You can still play blackjack for $5 a hand here - at least by day - and sometimes find a room for as little as $50 at the Nassau Beach Hotel.

But the days of cheap rooms and blackjack hands are numbered. In May, Baha Mar Development Co. bought three Cable Beach hotels and the Crystal Palace Casino, with plans to replace them with a 1,000-acre resort by 2010. It will include hotels by Caesars and Starwood, an enormous Harrah's casino, a new beach and an entertainment and dining complex designed to compete with Atlantis.

``Right now tourists go to Paradise Island,'' a security guard says, pausing on his rounds behind the Radisson, ``but when this gets built, they will all be coming here.''

TURNING POINT

So Nassau is clearly at a turning point, on the brink of going upscale, though that is hardly evident from behind the thicket of tropical foliage at Ardastra Gardens.

The collection of animals is small and their quarters cramped by U.S. standards, but I see some endangered species that Ardastra is working to conserve and breed: the Caribbean flamingo, the Bahamian rock iguana, the Bahamian boa constrictor.

Just down the road is another bit of old-time Nassau: Fort Charlotte, built in 1797 to defend the western harbor. You can tour the dungeons and see some of the original cannons.

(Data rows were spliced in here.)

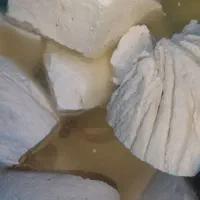پنیر تازه کشک یا پت او محلی موجود است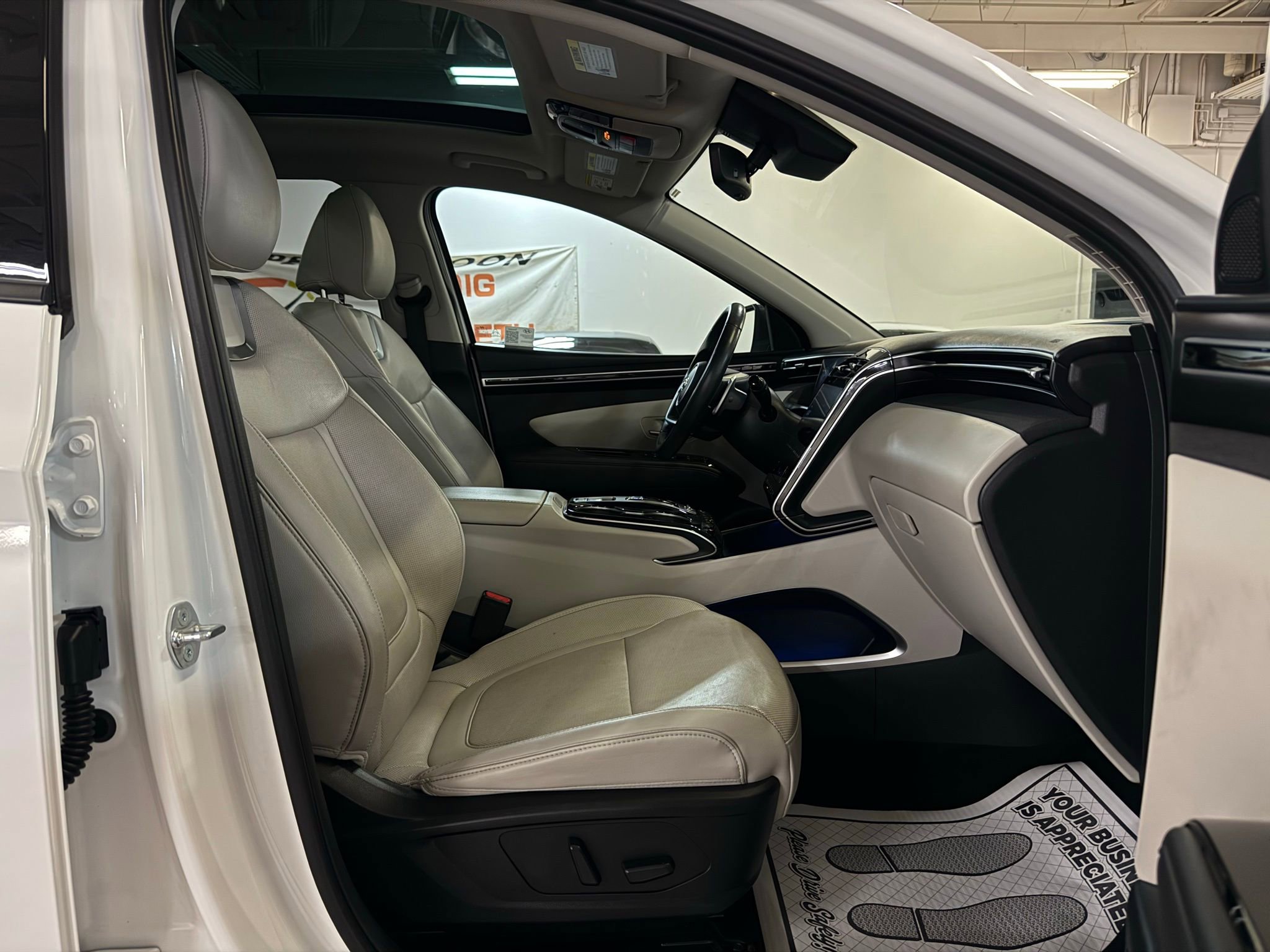 Used 2024 Hyundai Tucson Limited image 18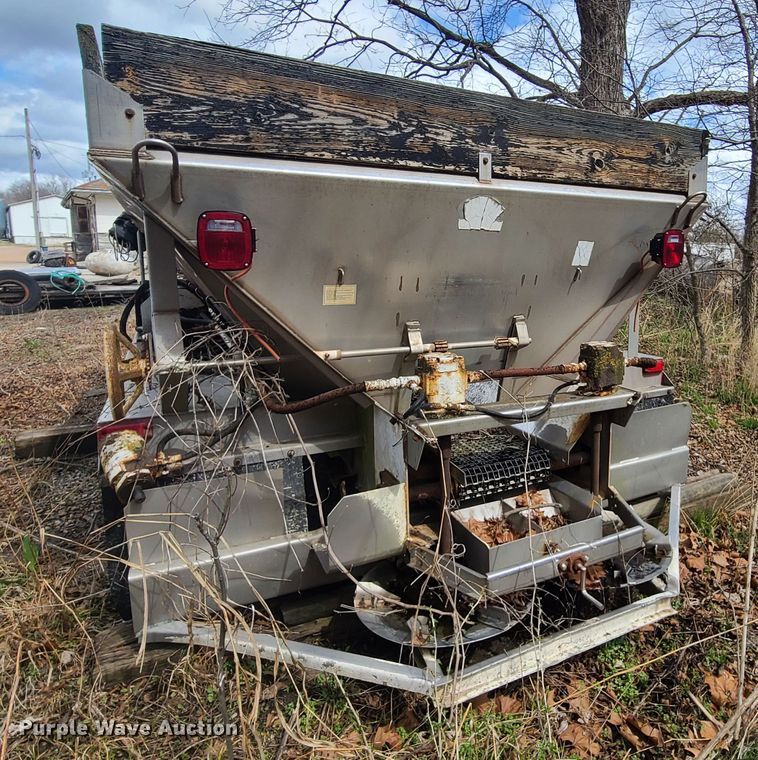 image for item GY9707 Spreader bed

But I am headed for something more modern: the Bahamas' first national art gallery, which opened two years ago in a grand old house with a wide second-story veranda and a view of the cruise-ship port.

Much of the older works, mostly Bahamian scenes, are by U.S. and British artists. A sign explains that art was rarely taught and artists rarely encouraged here until the mid-20th century. The more modern works on display are predominantly by Bahamian artists, often colorful, bold social commentaries.

Outside, as I pause in the street to photograph the building, an older man stops to tell me about the museum and the building, more than a century old, that houses it. He encourages me to go inside, clearly proud of the gallery. Pleased when I tell him I've just come from there, he wishes me a good day and goes on his way.